Over the years I have looked over the schedule for the Cubs and often rejoiced when the Cubs would play the Pirates and the Astros right after each other. This little breather allowed a team that is often in a state of collapse to get their bearings on a set of punching bags. I would often take the time to laugh at the fans from either Pittsburgh or Houston, who showed up at Wrigley only to watch their team be sacrificed much like Christians to the lions in early Roman days.

 It often made me wonder how a franchise maintains a fan base when they don't tease their fans with delusions of post season berth like the Cubs? Cheap tickets? Family outings? As my friend has told me, Safeco Field in Seattle is pretty much a place for suits to chat business, and families to take their children to a safe, quiet place (think opposite of Fenway) which takes away from any sort of fun element in watching a game. So, what draws people to these .500 and under teams?

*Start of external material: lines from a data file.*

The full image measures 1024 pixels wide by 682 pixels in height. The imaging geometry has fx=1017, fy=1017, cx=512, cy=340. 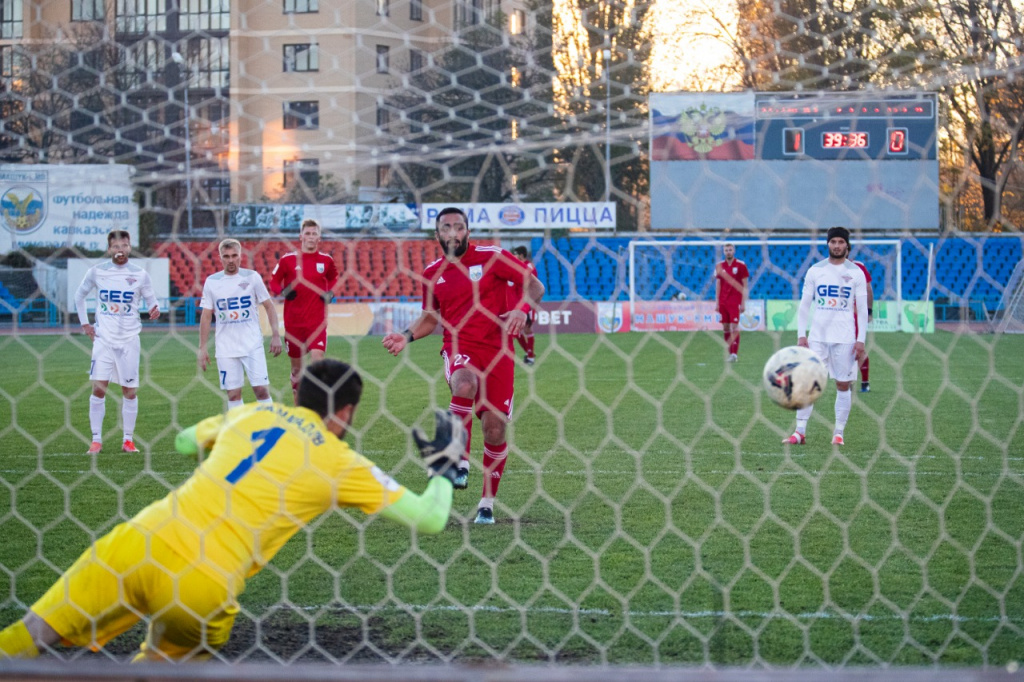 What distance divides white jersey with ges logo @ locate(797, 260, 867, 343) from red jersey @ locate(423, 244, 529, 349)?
11.4ft

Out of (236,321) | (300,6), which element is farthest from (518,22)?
(236,321)

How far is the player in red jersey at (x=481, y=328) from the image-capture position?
5.77 meters

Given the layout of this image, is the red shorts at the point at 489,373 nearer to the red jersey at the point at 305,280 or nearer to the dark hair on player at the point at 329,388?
the dark hair on player at the point at 329,388

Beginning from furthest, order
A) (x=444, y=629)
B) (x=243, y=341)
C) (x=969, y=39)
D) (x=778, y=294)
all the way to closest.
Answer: (x=778, y=294) < (x=243, y=341) < (x=969, y=39) < (x=444, y=629)

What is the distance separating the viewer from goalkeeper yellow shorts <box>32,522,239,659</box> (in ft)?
10.00

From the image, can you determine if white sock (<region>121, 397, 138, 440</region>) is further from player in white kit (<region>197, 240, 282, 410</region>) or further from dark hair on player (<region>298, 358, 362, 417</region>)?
dark hair on player (<region>298, 358, 362, 417</region>)

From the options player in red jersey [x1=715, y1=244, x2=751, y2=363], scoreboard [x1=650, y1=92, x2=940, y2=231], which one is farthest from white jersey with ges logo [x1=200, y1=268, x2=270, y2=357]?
scoreboard [x1=650, y1=92, x2=940, y2=231]

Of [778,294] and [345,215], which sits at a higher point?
[345,215]

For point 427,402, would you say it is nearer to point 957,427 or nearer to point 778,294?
point 957,427

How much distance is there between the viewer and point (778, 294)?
27.1 m

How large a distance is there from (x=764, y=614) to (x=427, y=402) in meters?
7.66

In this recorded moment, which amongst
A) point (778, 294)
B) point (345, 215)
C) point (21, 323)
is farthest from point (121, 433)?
point (778, 294)

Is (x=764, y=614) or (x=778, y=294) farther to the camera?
(x=778, y=294)

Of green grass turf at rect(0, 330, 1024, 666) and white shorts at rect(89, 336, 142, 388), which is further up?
white shorts at rect(89, 336, 142, 388) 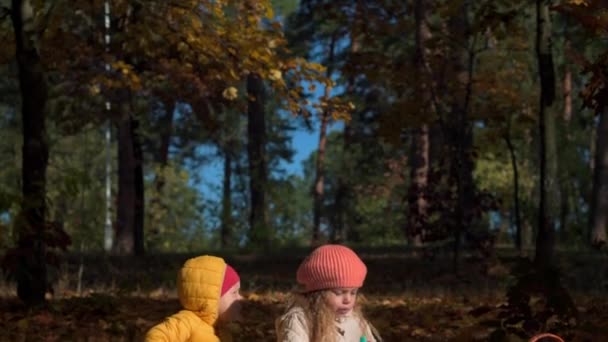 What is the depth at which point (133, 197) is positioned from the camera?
19328 millimetres

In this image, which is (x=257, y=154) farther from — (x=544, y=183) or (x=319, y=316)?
(x=319, y=316)

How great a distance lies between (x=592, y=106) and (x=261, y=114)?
23895 mm

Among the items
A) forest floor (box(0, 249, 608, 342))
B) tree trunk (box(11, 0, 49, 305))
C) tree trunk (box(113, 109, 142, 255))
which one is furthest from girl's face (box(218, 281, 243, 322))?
tree trunk (box(113, 109, 142, 255))

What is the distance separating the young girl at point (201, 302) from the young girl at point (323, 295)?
0.30 meters

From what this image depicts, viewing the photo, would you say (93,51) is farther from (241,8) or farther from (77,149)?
(77,149)

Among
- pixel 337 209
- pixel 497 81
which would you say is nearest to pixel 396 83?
pixel 497 81

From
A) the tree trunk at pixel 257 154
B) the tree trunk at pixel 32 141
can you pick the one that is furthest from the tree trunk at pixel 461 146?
the tree trunk at pixel 257 154

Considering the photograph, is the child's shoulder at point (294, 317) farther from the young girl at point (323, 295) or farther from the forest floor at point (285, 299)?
the forest floor at point (285, 299)

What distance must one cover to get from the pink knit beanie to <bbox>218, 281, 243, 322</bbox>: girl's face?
15.7 inches

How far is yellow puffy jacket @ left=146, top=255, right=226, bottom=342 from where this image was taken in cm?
409

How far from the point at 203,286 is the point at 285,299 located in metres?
6.19

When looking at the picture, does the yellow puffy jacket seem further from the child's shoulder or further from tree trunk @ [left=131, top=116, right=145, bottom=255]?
tree trunk @ [left=131, top=116, right=145, bottom=255]

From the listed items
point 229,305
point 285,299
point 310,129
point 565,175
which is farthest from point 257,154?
point 229,305

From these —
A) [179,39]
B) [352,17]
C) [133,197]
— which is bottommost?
[133,197] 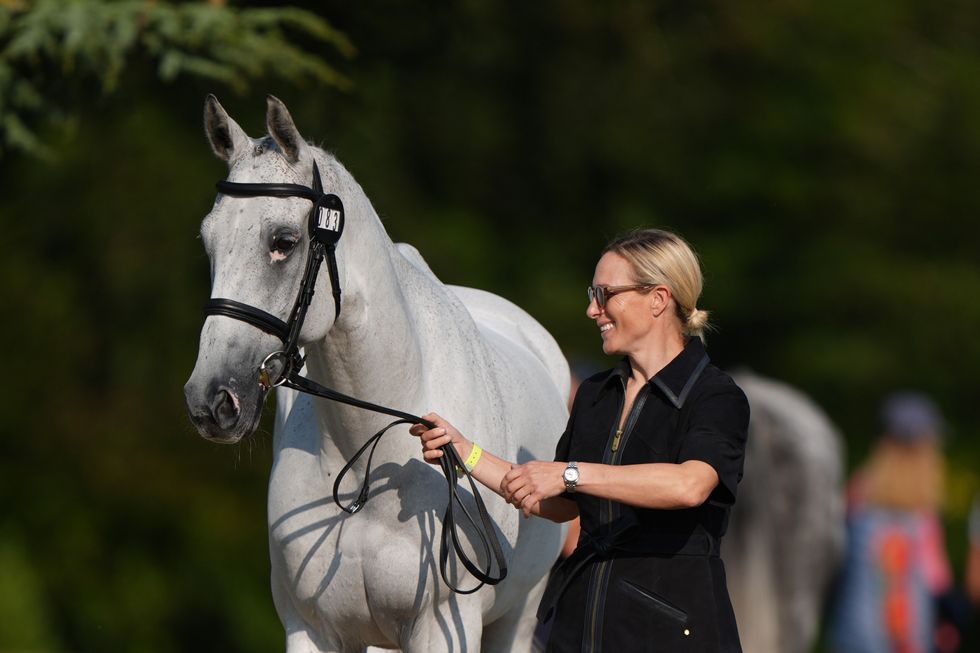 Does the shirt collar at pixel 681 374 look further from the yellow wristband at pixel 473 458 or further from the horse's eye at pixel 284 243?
the horse's eye at pixel 284 243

 I thought maybe it was boredom? What's there to do in places like Cincinnati or Pittsburgh? Nothing. What is there to do in Diamondback territory? Not sure, probably not as much as in places like Los Angeles or New York (homes to teams that actually win). So with so little to do in these areas and such garbage teams, the joke "Why do these teams actually get to play with the big boys if they can't even perform with them?" automatically comes up.

 There are many "answers" per se, but the best would be a restructuring of teams, to something that happens in the Premier League. I understand that even bringing up English soccer is enough to get people yelling "commie" or "fruit" at me. But before people spout off in hate on something they don't even get, let me explain myself.

 The Premier League sends its bottom three teams back to the lower league. That would mean the Mariners, the Diamondbacks, and the Pirates would become minor league teams and the top three minor league teams would get a shot at playing in the big leagues. I know this causes people to automatically yell that these minor league teams are property of big teams so it wouldn't make sense to let's say, kick out the Pirates, but put in the Scranton-Barre Yankees (Yankees' AAA affiliate.) This is true, that's why this would need a lot of restructuring.  So why would this even be worth it since it would cause so much trouble in the restructuring process? Competition, of course.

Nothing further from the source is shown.